If the main operation of this modified example is entered, step S1 shown in FIG. 2 is executed. In this modified example, the initialization in step S1 is initialization of a flag (first time flag=‘1’) and a variable used as a counter (counter i=‘1’) used in this modified example. Also, an error counter is reset to 0. Here, the first flag is a flag for determining the first occurrence of a combined image. The counter i is a counter for counting the number of images in the preparation of 8 combined images.

Once the initialization of step S1 has been performed, steps S3-S19 shown in FIG. 2 are executed. Processing in these steps is the same as the processing in the one embodiment of the present invention.

If the result of determination in step S11 is that the movie button has not been pressed, or if a movie file has been closed in step S17, or if a movie file has been created in step S19, it is determined whether or not live view display is in progress in step S32 of FIG. 8.

If the result of determination in step S32 is that live view display is not in progress, steps S33-S47 are executed. Processing here is the same as the processing in the one embodiment of the present invention.

If the result of determination in step S32 is that live view display is in progress, panning detection is carried out (S201). Here, camera shake is detected by acceleration sensors (not shown) provided within the camera. Detection uses output of acceleration sensors that are fitted for hand shake correction.

Once panning detection has been carried out, it is next determined whether or not there is panning (S203). Here, determination is based on whether or not offset detection amount, that is based on output of the acceleration sensors that was output in step S201, is larger than a given value. In a case where the camera has moved significantly due to the user changing composition or tracking the subject, the amount of detected offset will become larger than the given value. If there is panning, it will not be possible to perform focus stacking, even if there are a plurality of image data, and so in this step it is determined whether or not there is panning.

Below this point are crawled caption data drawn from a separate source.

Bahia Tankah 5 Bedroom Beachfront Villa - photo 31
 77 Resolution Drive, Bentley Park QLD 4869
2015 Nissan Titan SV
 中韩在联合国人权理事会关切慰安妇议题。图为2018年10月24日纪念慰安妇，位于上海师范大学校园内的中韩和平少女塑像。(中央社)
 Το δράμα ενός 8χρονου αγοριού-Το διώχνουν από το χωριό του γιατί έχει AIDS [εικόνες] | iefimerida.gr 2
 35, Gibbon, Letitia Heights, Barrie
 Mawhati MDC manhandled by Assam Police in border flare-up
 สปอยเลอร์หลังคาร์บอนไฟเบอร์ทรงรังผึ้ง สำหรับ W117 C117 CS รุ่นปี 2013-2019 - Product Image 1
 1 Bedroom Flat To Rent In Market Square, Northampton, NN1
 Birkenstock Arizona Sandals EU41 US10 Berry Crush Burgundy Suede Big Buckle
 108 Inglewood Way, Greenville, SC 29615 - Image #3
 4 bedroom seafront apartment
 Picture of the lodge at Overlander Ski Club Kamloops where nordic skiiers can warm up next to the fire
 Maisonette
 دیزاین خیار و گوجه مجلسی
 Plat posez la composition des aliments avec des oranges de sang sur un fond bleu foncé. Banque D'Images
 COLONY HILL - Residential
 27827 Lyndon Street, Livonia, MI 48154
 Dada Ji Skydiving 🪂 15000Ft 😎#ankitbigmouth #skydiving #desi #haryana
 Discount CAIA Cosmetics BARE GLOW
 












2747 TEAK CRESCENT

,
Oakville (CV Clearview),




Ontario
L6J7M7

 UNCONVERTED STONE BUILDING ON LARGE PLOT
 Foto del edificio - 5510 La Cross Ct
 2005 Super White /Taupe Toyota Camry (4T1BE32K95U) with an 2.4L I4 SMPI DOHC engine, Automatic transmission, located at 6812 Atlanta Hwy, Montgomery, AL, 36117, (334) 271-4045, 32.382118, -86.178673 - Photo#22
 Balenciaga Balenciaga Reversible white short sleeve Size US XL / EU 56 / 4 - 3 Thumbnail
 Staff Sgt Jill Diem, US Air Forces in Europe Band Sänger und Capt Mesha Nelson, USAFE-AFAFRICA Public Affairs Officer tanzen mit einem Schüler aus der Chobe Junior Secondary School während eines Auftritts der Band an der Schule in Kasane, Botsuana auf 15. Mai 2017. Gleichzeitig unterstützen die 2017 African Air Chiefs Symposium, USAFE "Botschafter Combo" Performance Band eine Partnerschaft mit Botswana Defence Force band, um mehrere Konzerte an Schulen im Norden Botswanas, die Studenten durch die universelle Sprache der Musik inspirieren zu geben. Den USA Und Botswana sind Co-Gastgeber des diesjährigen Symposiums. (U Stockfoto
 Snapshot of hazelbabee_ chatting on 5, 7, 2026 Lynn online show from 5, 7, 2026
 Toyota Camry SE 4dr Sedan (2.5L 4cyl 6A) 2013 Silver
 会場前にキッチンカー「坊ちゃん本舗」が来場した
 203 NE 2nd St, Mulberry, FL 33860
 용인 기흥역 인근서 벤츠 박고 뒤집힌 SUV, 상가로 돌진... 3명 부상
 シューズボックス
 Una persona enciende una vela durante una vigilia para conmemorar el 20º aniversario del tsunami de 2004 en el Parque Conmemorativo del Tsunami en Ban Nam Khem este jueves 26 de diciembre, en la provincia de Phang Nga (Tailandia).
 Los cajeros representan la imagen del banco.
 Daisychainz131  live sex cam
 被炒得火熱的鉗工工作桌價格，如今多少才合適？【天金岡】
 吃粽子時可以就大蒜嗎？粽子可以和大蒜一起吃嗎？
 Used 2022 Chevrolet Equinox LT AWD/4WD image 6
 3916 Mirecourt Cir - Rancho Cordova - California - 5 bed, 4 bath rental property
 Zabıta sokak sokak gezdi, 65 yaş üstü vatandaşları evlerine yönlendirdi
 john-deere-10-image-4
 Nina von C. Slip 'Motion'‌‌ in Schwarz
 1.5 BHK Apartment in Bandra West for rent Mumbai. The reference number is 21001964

If the result of determination in step S203 is that there is no panning, it is determined whether or not there is a combination error (S205). In the event that alignment is not possible in step S229, which will be described later, an error signal is output and a combination error counter is incremented. Determination in this step is based on the error signal.

If the result of determination in step S205 is that there is a combination error, it is next determined whether or not the number of combination errors has exceeded 3. 3 is merely an illustrative example, and may be determined in accordance with level required for focus stacking.

If the result of determination in step S207 is that the number of combination errors has exceeding 3, the counter i is reset to 1 (S209), and the first time flag is set to 1 (S211). Since the combination error counter has exceeded 3, it is determined that combination errors are occurring frequently, loading of images for combination is reset, and the first time flag and the counter for counting combined images are reset so as to repeat from the beginning.

Also, if the result of determination in step S203 is that there is planning, in steps S209 and S211 the first time flag and the counter for counting combined images are reset so as to repeat focus stacking.

If the result of determination in step S205 is that there is no combination error, or if the number of combination errors in step S207 is 3 or less, or if the first time flag has been set to 1 in step S211, it is next determined whether the first time flag is “1” or “0” (S213). If image processing for focus stacking is carried out the first time, the first time flag is changed from “0” to “1” in step S245.

If the result of determination in step S213 is that the first time flag is “1”, AE processing is carried out (S215). Since it is the initial processing for focus stacking, the AE processing circuit 111 measures subject brightness and carries out exposure computation, such as aperture, shutter speed and ISO sensitivity, in order to enable optimum exposure control.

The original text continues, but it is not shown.